### Information shown:
#####

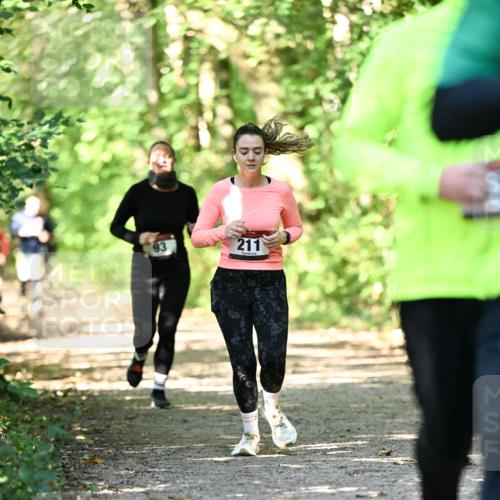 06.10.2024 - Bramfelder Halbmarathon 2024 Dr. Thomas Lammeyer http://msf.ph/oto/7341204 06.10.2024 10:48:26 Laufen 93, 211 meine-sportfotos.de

#####

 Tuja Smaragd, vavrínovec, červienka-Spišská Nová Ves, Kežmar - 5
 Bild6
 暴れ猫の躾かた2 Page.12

#####

### Your objective:
Once you find the line with "Tuja Smaragd, vavrínovec, červienka-Spišská" above, print it and every line after it up to and including the line with "暴れ猫の躾かた2 Page.12", exactly as written and nothing else.

### Answer box:
 Tuja Smaragd, vavrínovec, červienka-Spišská Nová Ves, Kežmar - 5
 Bild6
 暴れ猫の躾かた2 Page.12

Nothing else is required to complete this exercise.